12 de octubre, no hay nada que celebrar.
Un 12 de octubre llegamos a Jujuy para encontrarnos con la América indígena que recién estábamos descubriendo. 9 años después, me sé parte de un telar multicolor.
Cuando llegamos a Jujuy, era 12 de octubre, y lo primero que nos encontramos en la plaza, al atardecer, fue una especie de manifestación, aunque también parecía una fiesta: había una ronda y en el medio una fogata donde estaban quemando palo santo, había cantos y música, las personas llevaban muchas whipalas (banderas que representan la diversidad étnica del Abya Yala o América, el continente) y otras banderas. Detrás había pancartas que decían “Resistencia indígena”, pero con la música y el humo sagrado, había aires de protesta, de celebración y también de ceremonia. Hacía ya más de veinte años que se habían conmemorado los 500 años desde la llegada de Colón al continente, y a pesar de que en la escuela me enseñaron los nombres de las carabelas y toda esa historia, la cultura popular cada día lograba avanzar más y más en el imaginario colectivo, dejándome claro de que esta fecha era un día de conmemoración del comienzo de muchísimos hechos atroces, y no un descubrimiento o un “encuentro de dos mundos”.

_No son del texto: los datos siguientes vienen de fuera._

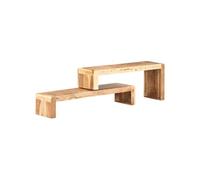Meubles TV 2 pcs Centre de Divertissement Meuble Stéréo Salon Salle de Séjour Chambre Maison Intérieur Bois d'Acacia Massif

Nos acercamos al tumulto y vimos señoras con polleras, hombres con ponchos, muchos sombreros. Quise sacar fotos, para mí era una belleza y estaba impactada, este tipo de manifestaciones no eran muy comunes en el Uruguay de 2015, pero una doña me empezó a gritar que era una falta de respeto. Me sentí muy incómoda, pasé de sentirme parte de todo eso a verme a través de la mirada de esa gente: como una invasora. Me dolió, me chocó y supongo que fue uno de esos momentos en que latió fuerte en mí la pregunta de ¿en dónde encajo yo en todo este rompecabezas que es el continente? Como les conté en una de las primeras entregas de este newsletter, esa pregunta la tenía desde antes de salir, pero encontrarme con personas que me marcaban como diferente o como ajena a esta tierra me resultó muy fuerte, casi como un baldazo de agua fría, me dejó sin palabras.
En Uruguay siempre me consideré blanca, pero todo el país —supuestamente— se veía así, y la blancura de alguien de Uruguay definitivamente no es aquella que vive en el imaginario norteamericano o europeo. Es difícil para alguien de Uruguay, creo, intentar encajarse en esas categorías, pues todos tenemos alguna dosis, mayor o menor, de mestizaje, así que dentro de las categorías que existen, la mayoría nos nombramos, si es que tenemos que hacerlo (y conste que en Uruguay jamás te preguntan tu raza o algo así en ningún lado), blancos o europeos. ¿Y eso por qué? Bueno, entre otras cosas porque, aunque sepas que tenés sangre indígena o negra, si aparte de algún leve rasgo físico que podría venir de esas raíces no tenés una conexión cultural con ningún linaje que te dé pertenencia, parece un poco ridículo nombrarte charrúa, afrodescendiente o guaraní. Al menos así lo vivía yo, y tampoco me cuestionaba demasiado el tema, al jamás haber vivido discriminación racial (aunque en Uruguay me dijeron que tenía “cara exótica” toda la vida), para mí no era un tema relevante. De todas formas, jamás vi en el espejo a una descendiente de europeos pura, en primer lugar porque me siento americana, y en segundo, por que sé de mis raíces.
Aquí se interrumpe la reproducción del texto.